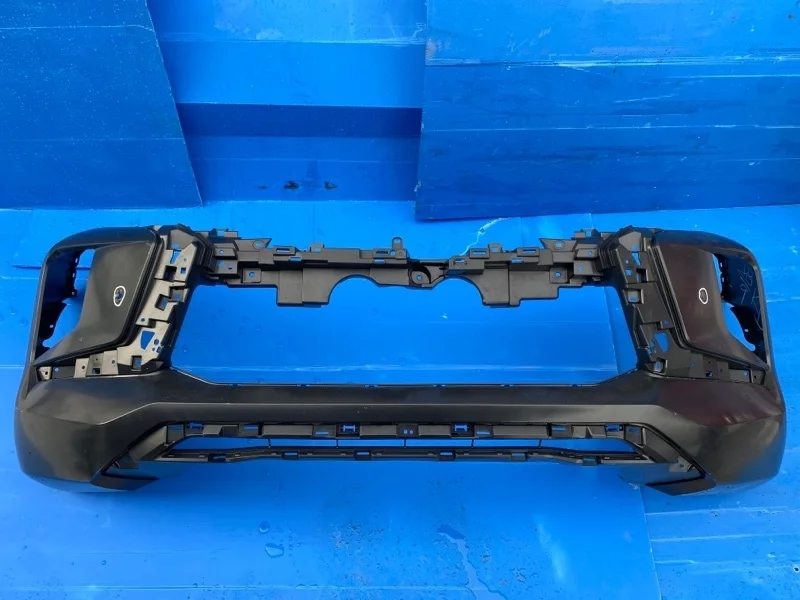 БАМПЕР MITSUBISHI PAJERO SPORT 3 2020 2021 2022 2023 2024 6400HW060P KS, передний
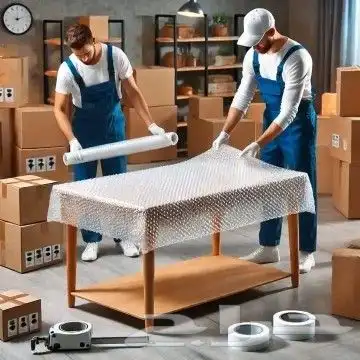 اسطول سيارات لنقل الاثاث 7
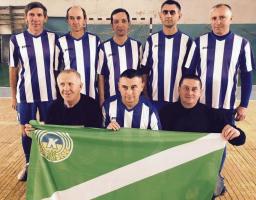 Змагалися ветерани футболу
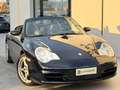 Porsche 996 911 Cabrio Carrera II 3.6 320 CV MANUALE ISCRITTA EPOCA MOTORE NUOVO Schwarz - thumbnail 5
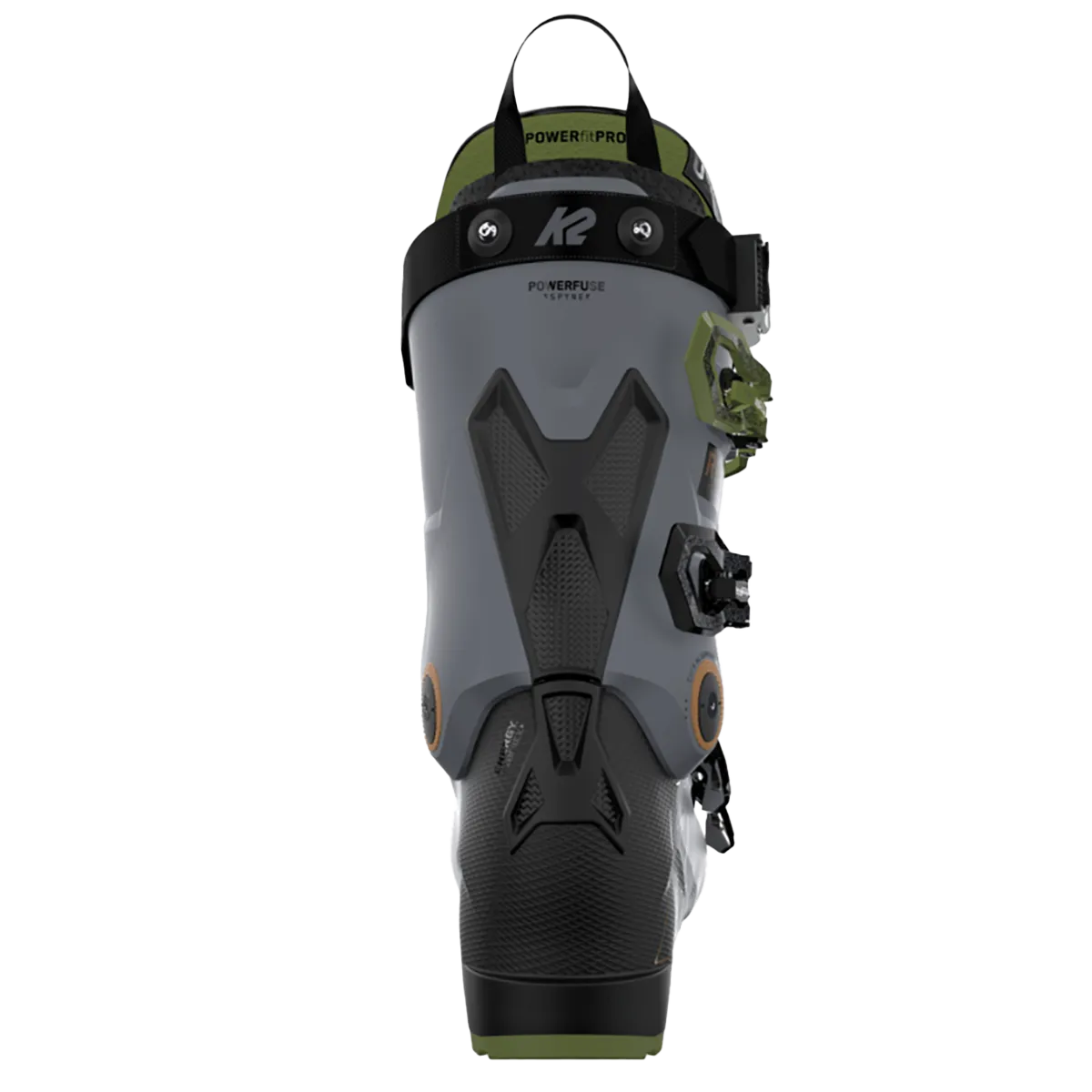 Bratz Snow Boots Recon 120 MV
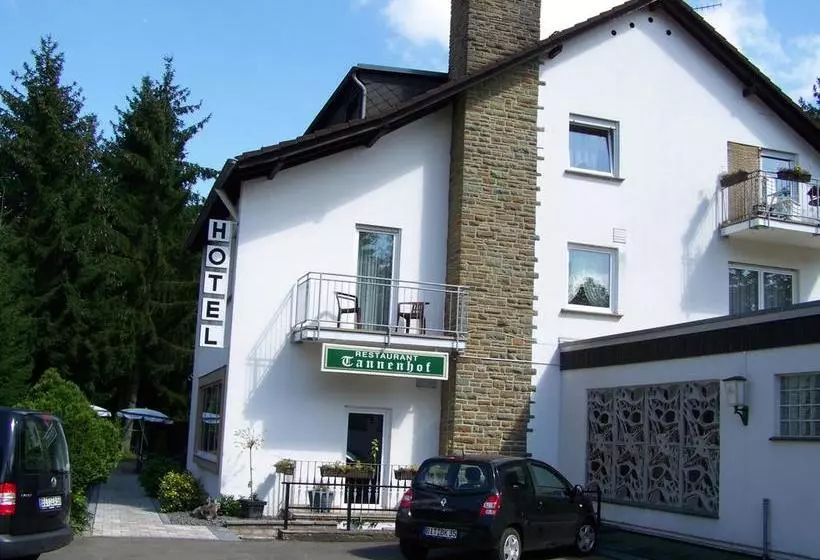 ホテル Tannenhof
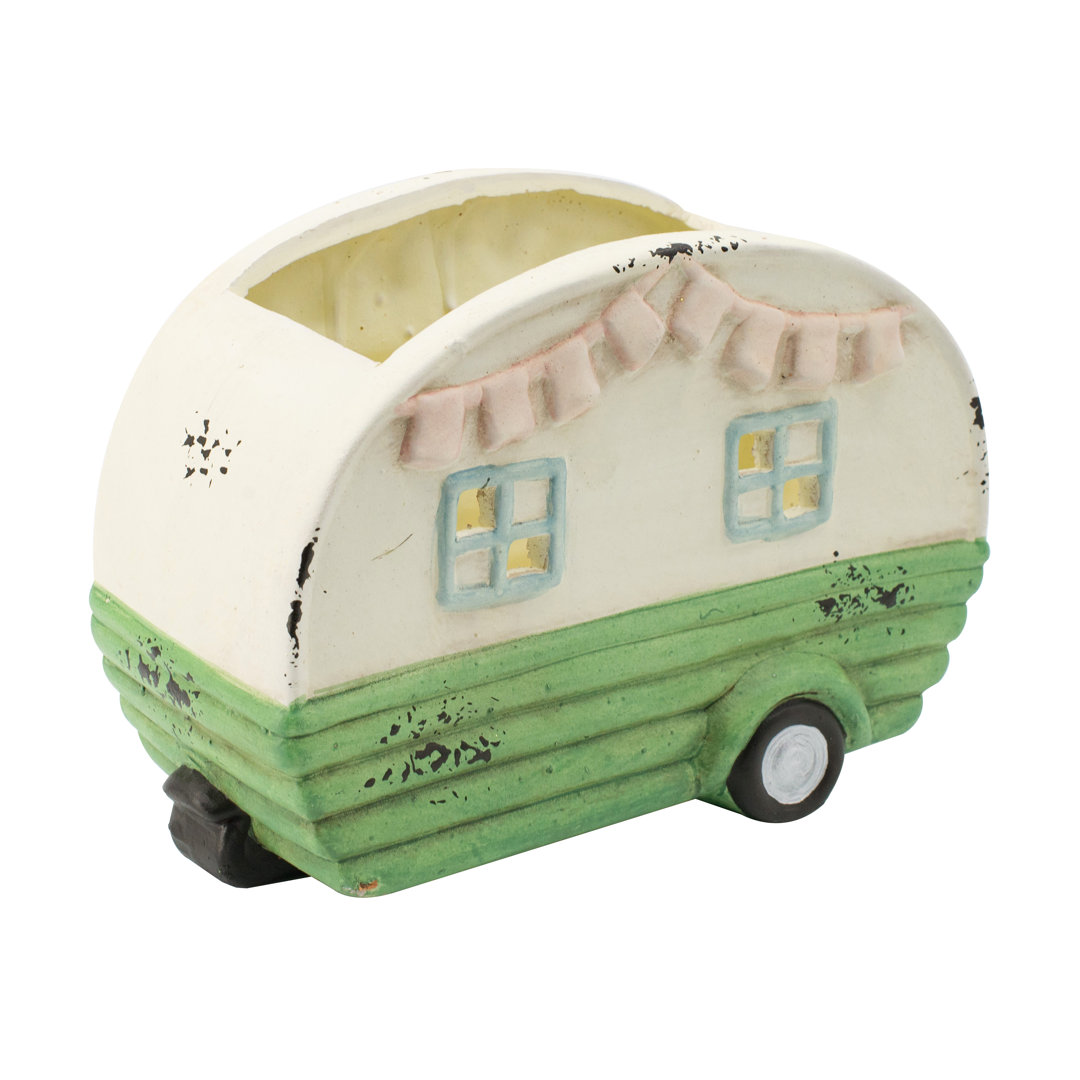 Ceramic Statue Planter Trinx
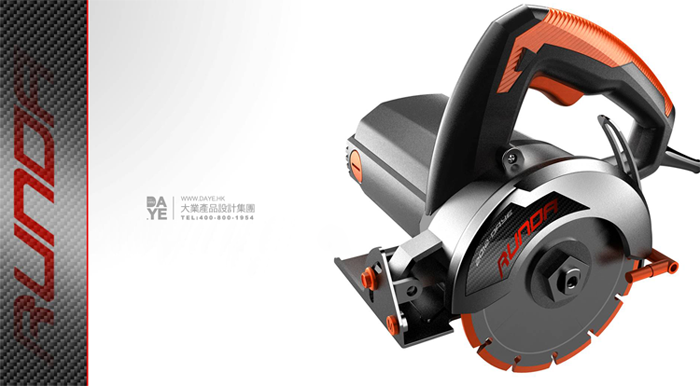 industrial design，product design，Electric tool，electric saw，cutting machine，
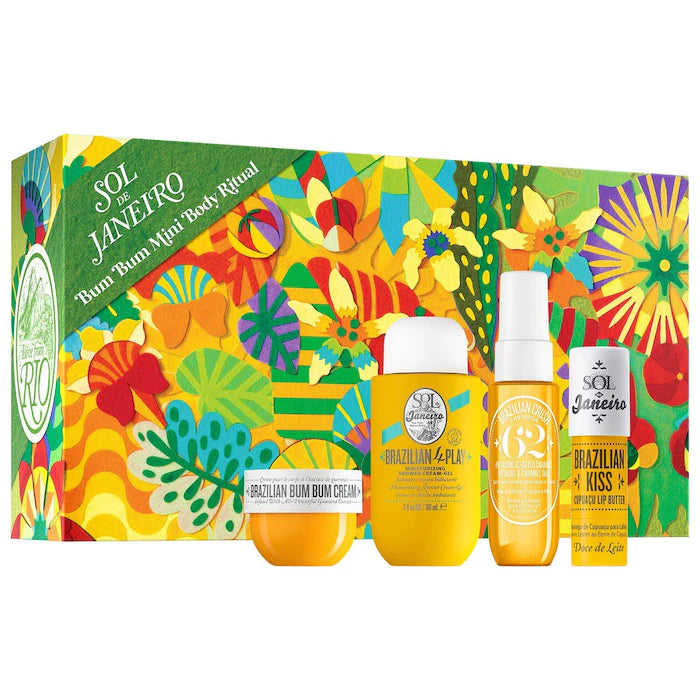 BUM BUM MINI BODY RITUAL SOL DE JANEIRO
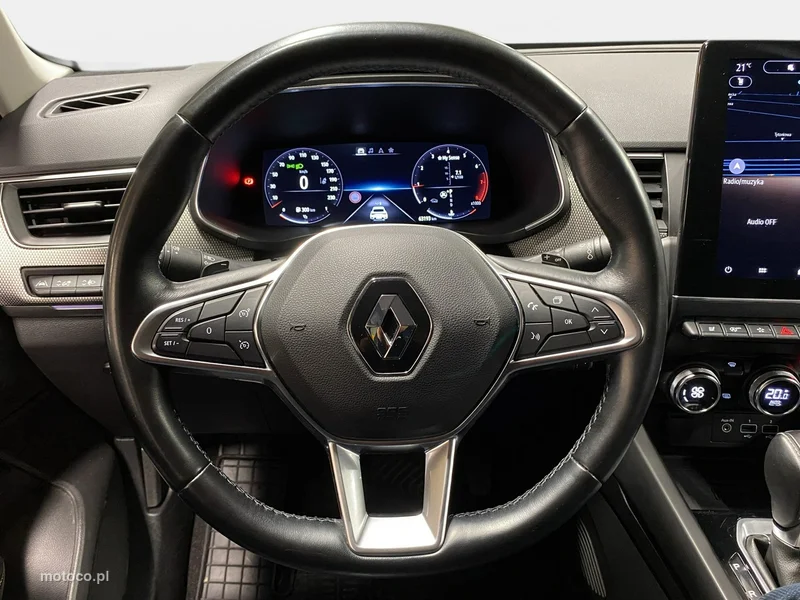 Renault Arkana 21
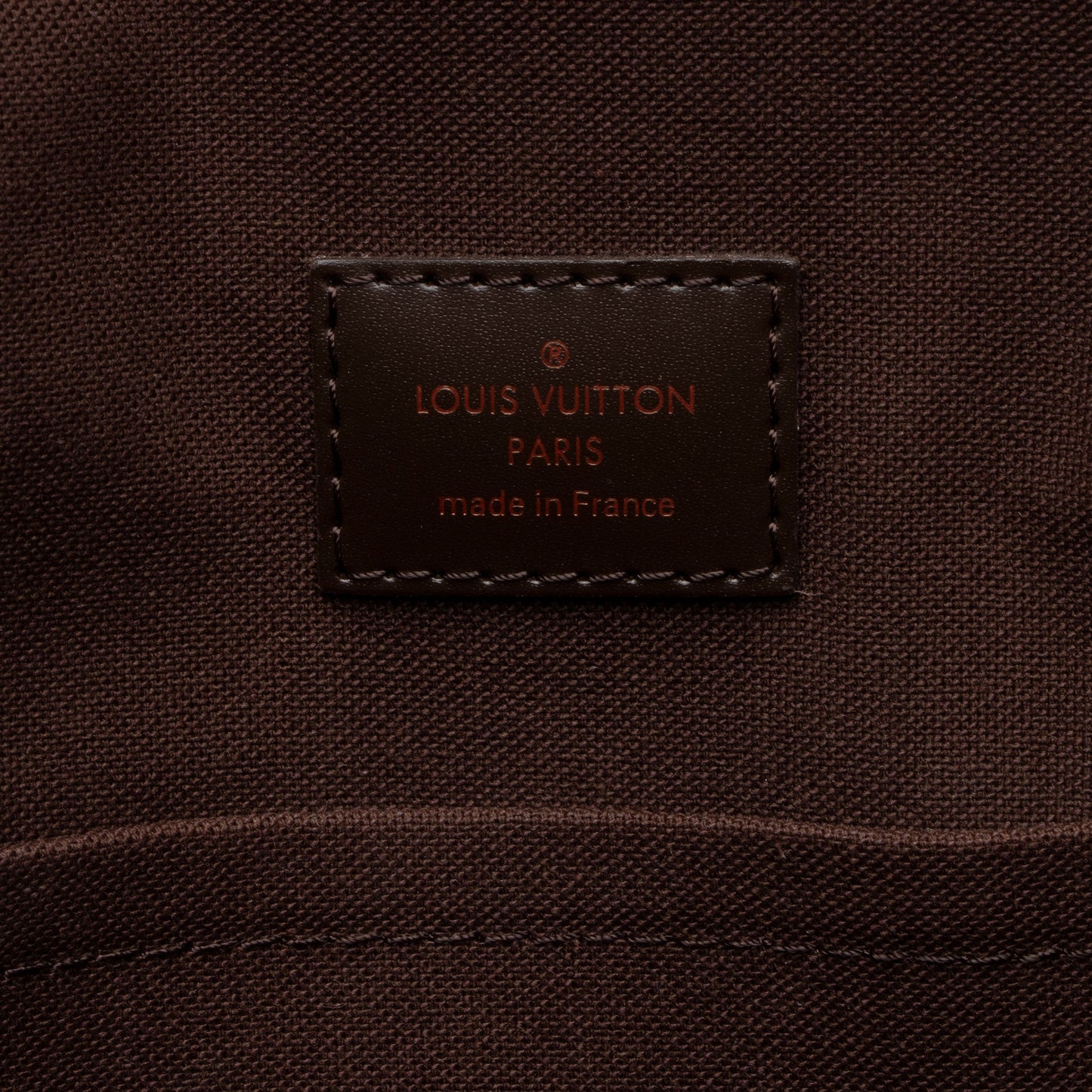 Louis Vuitton Damier Ebene Brooklyn MM Messenger Bag (SHF-5u5N4T)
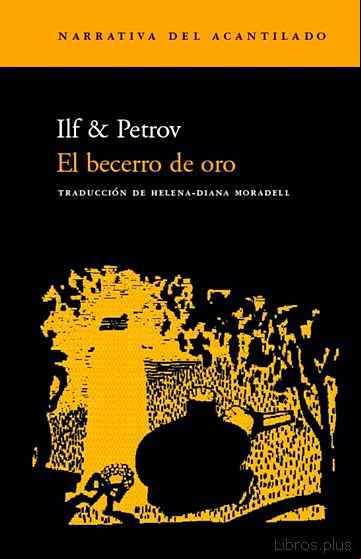 Descargar gratis ebook EL BECERRO DE ORO en epub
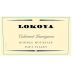 Lokoya Howell Mountain Cabernet Sauvignon 2014 Front Label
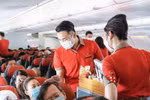 Vietjet đoạt giải "Hãng hàng không mang lại giá trị tốt nhất cho KH toàn cầu"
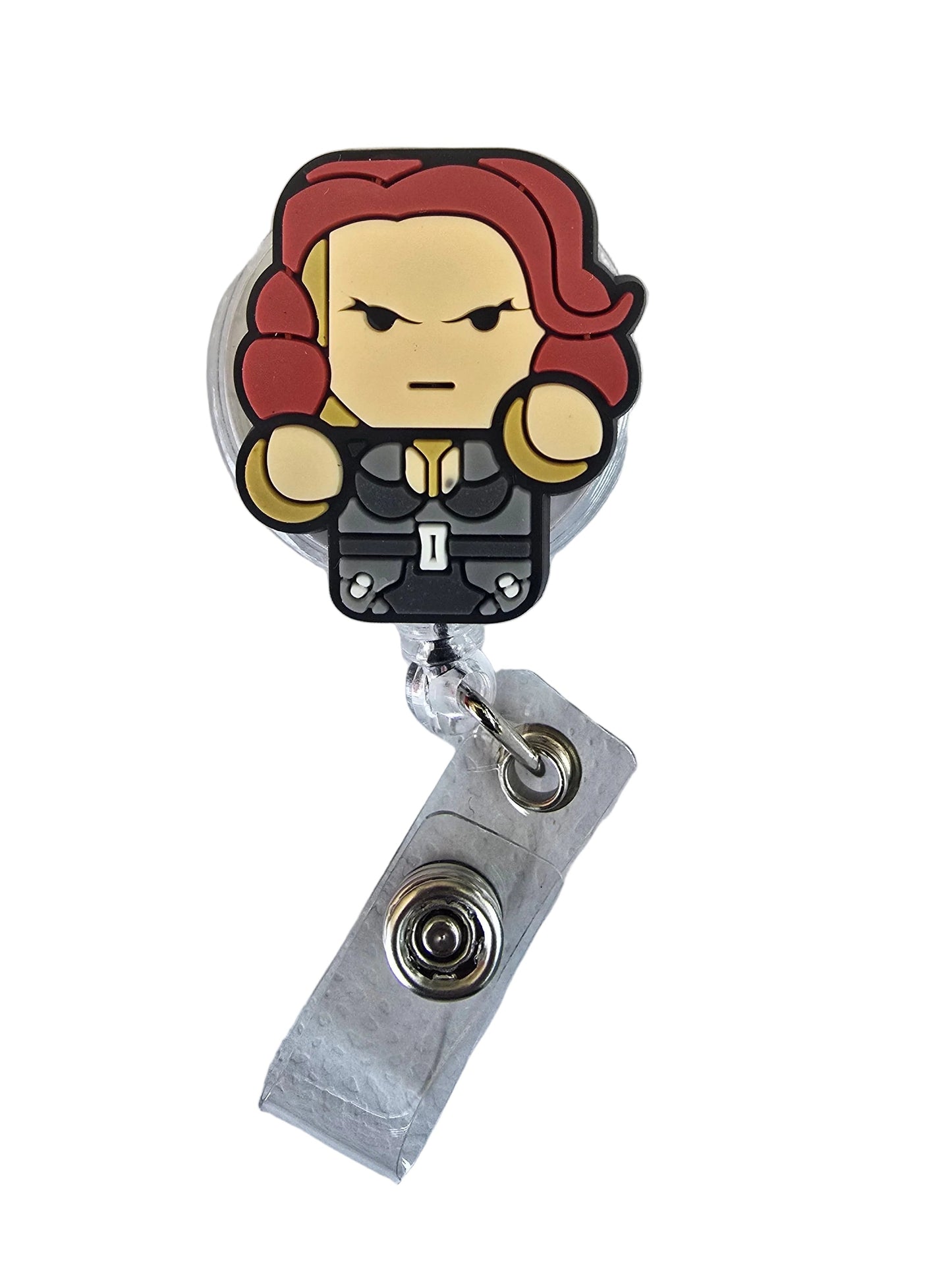 Yoyo portagafe Caricatura Marvel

Action item -
An exact copy of the listing is needed, minus its pictures.

Answer space -
 БАМПЕР MITSUBISHI PAJERO SPORT 3 2020 2021 2022 2023 2024 6400HW060P KS, передний
 اسطول سيارات لنقل الاثاث 7
 Змагалися ветерани футболу
 Porsche 996 911 Cabrio Carrera II 3.6 320 CV MANUALE ISCRITTA EPOCA MOTORE NUOVO Schwarz - thumbnail 5
 Bratz Snow Boots Recon 120 MV
 ホテル Tannenhof
 Ceramic Statue Planter Trinx
 industrial design，product design，Electric tool，electric saw，cutting machine，
 BUM BUM MINI BODY RITUAL SOL DE JANEIRO
 Renault Arkana 21
 Louis Vuitton Damier Ebene Brooklyn MM Messenger Bag (SHF-5u5N4T)
 Descargar gratis ebook EL BECERRO DE ORO en epub
 Lokoya Howell Mountain Cabernet Sauvignon 2014 Front Label
 Vietjet đoạt giải "Hãng hàng không mang lại giá trị tốt nhất cho KH toàn cầu"
 Yoyo portagafe Caricatura Marvel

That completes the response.